____ Given data

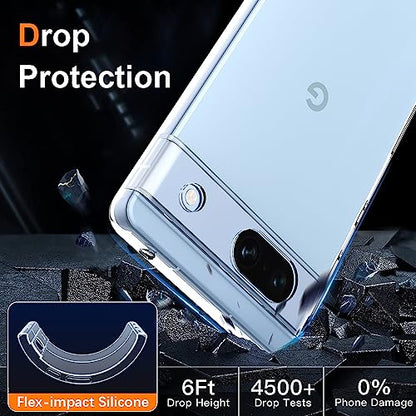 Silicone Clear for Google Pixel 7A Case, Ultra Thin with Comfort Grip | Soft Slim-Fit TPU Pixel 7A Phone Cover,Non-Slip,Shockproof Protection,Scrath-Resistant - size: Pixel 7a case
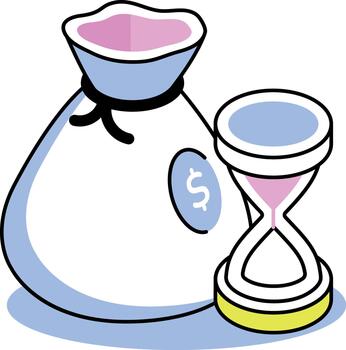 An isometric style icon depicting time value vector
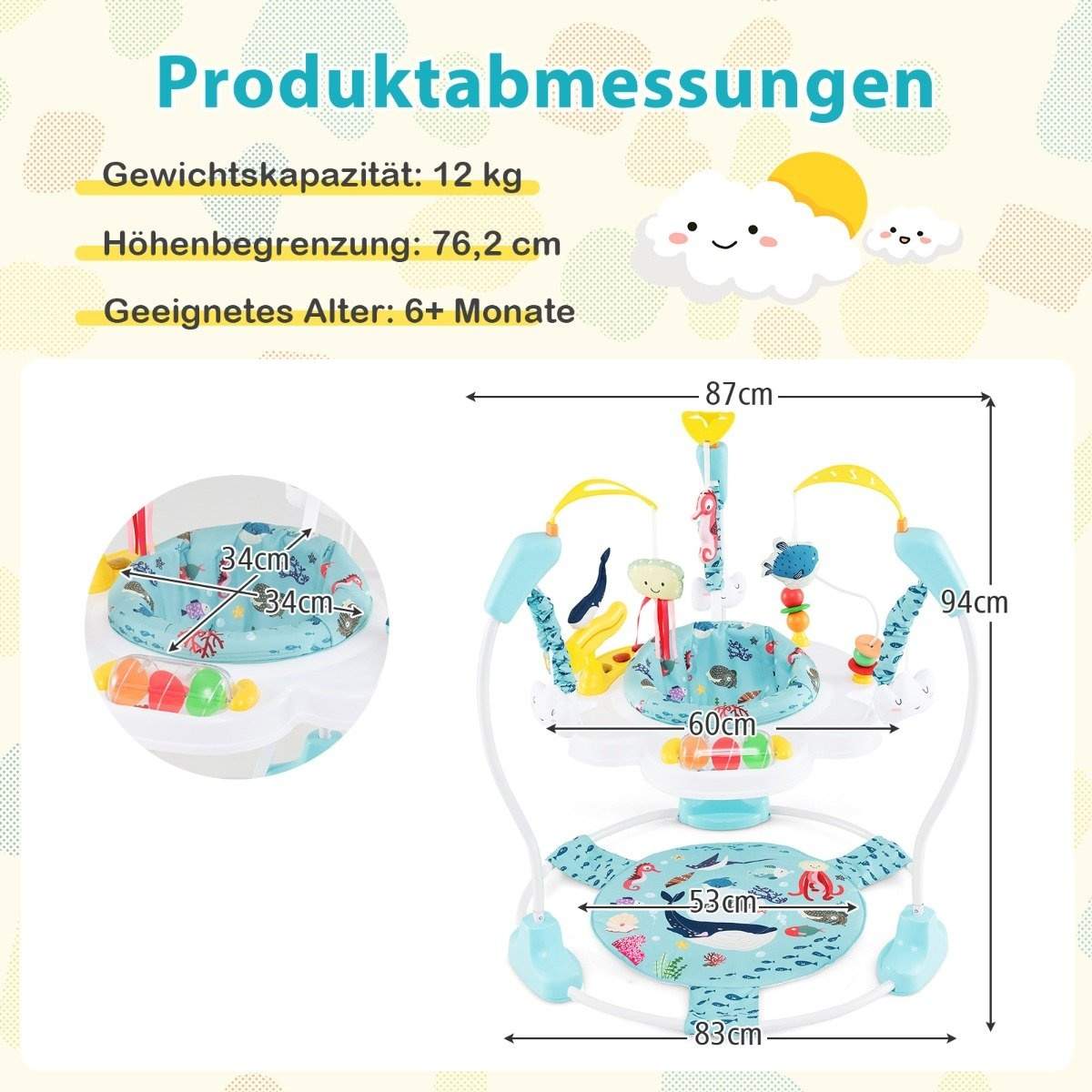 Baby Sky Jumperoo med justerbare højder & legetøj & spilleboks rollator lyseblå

________
____ Given data

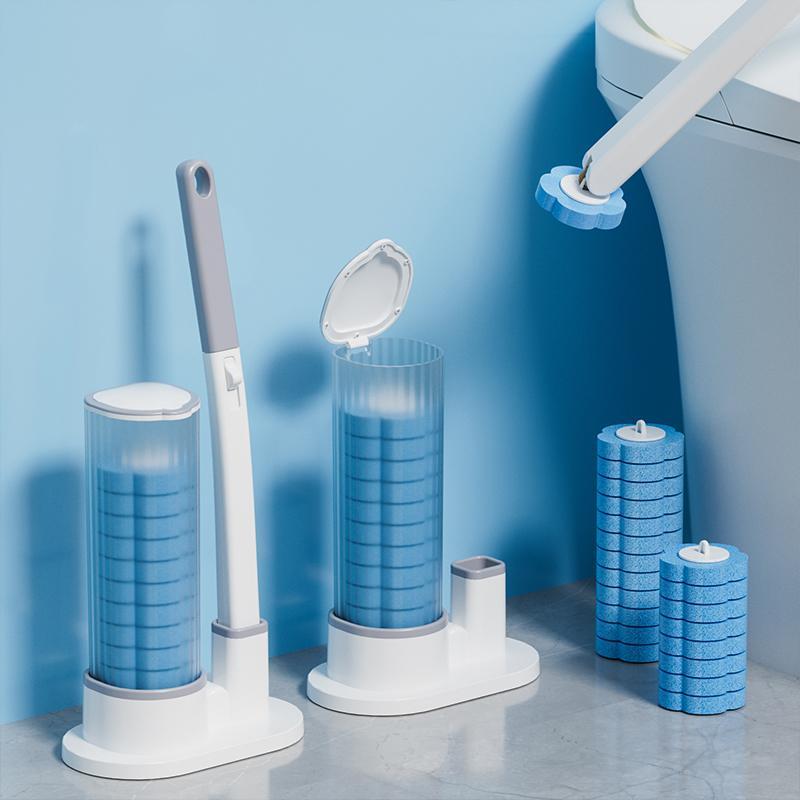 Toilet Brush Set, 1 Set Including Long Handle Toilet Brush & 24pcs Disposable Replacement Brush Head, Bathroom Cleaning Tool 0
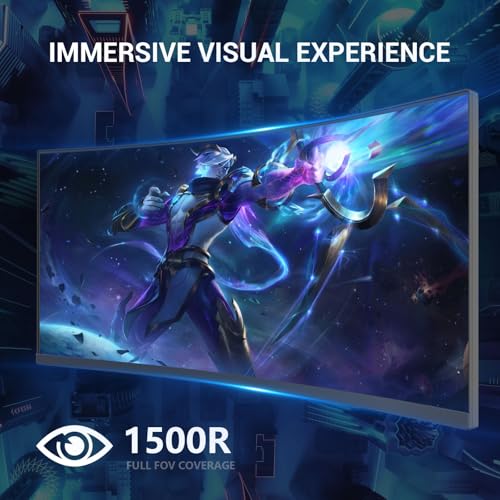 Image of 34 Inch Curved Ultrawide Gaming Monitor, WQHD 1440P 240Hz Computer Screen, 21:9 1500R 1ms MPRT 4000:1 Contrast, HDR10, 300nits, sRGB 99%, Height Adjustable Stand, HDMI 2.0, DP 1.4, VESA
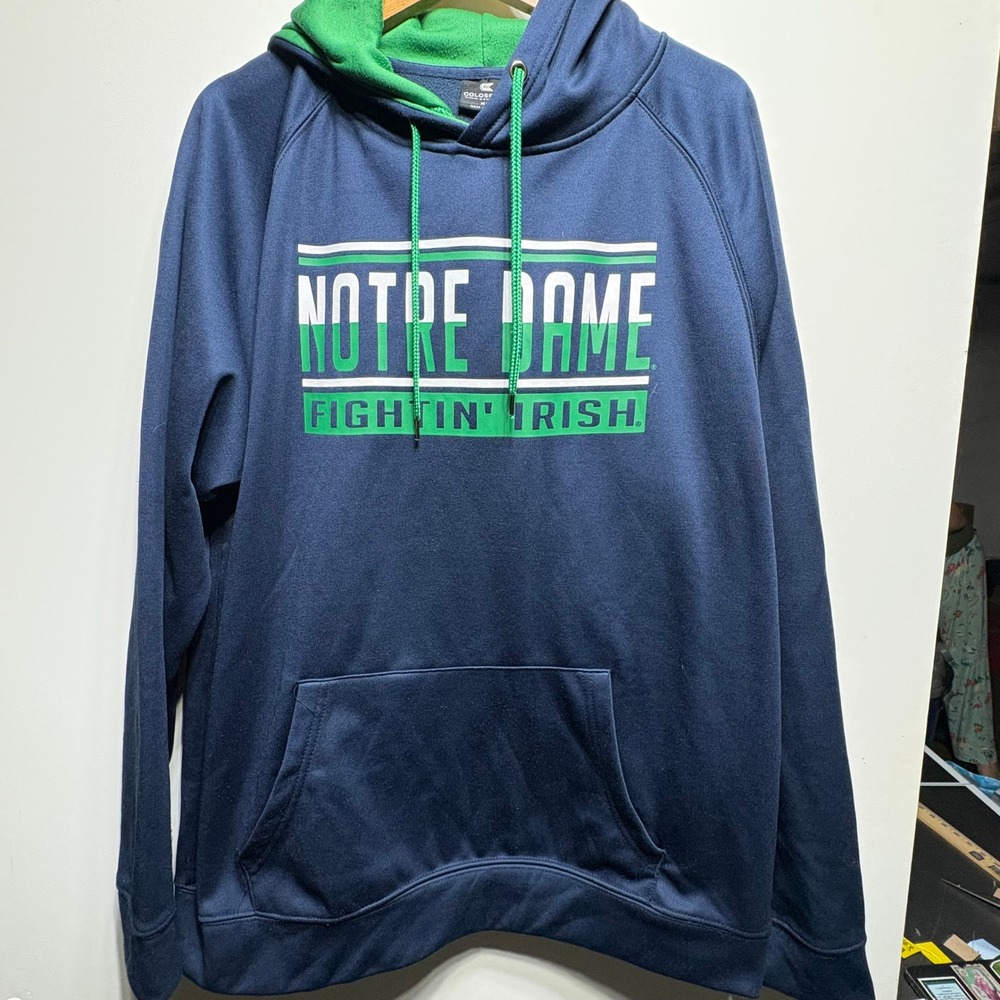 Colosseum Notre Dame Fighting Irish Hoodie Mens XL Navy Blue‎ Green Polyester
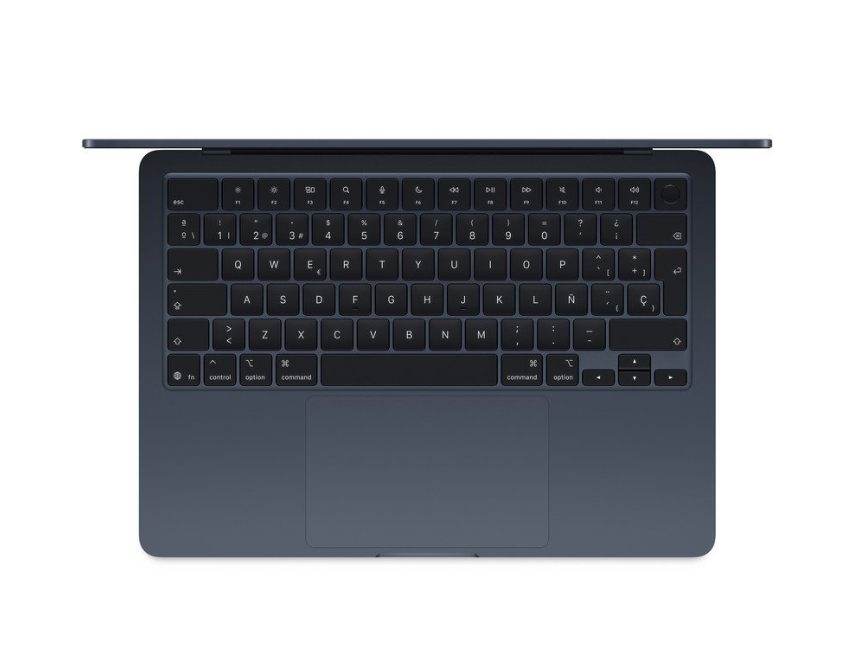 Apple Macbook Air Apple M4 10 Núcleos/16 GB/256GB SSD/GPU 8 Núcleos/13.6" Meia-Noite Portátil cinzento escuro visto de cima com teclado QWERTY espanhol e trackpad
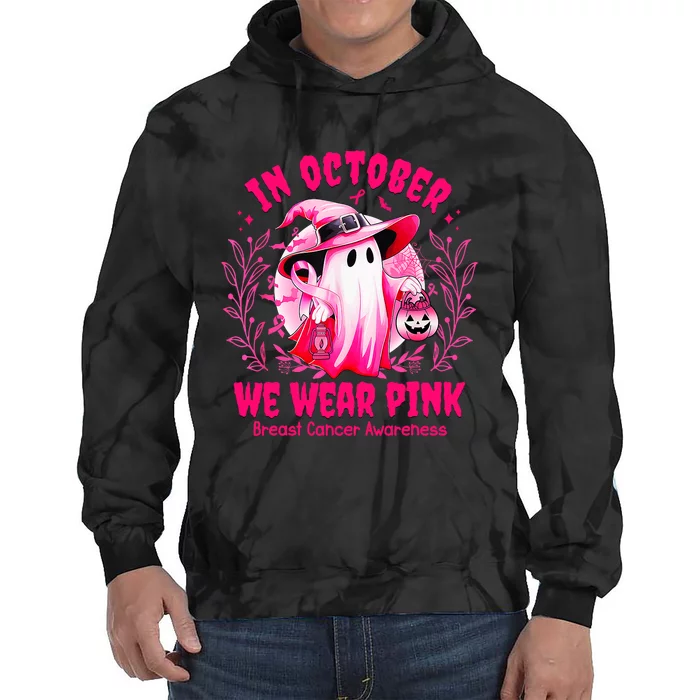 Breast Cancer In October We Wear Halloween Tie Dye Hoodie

________

Aim of the exercise ->
Restate the lines above from the one containing "Silicone Clear for" through the one containing "Baby Sky Jumperoo", inclusive, exactly and without pictures.

Task answer ->
 Silicone Clear for Google Pixel 7A Case, Ultra Thin with Comfort Grip | Soft Slim-Fit TPU Pixel 7A Phone Cover,Non-Slip,Shockproof Protection,Scrath-Resistant - size: Pixel 7a case
 An isometric style icon depicting time value vector
 Baby Sky Jumperoo med justerbare højder & legetøj & spilleboks rollator lyseblå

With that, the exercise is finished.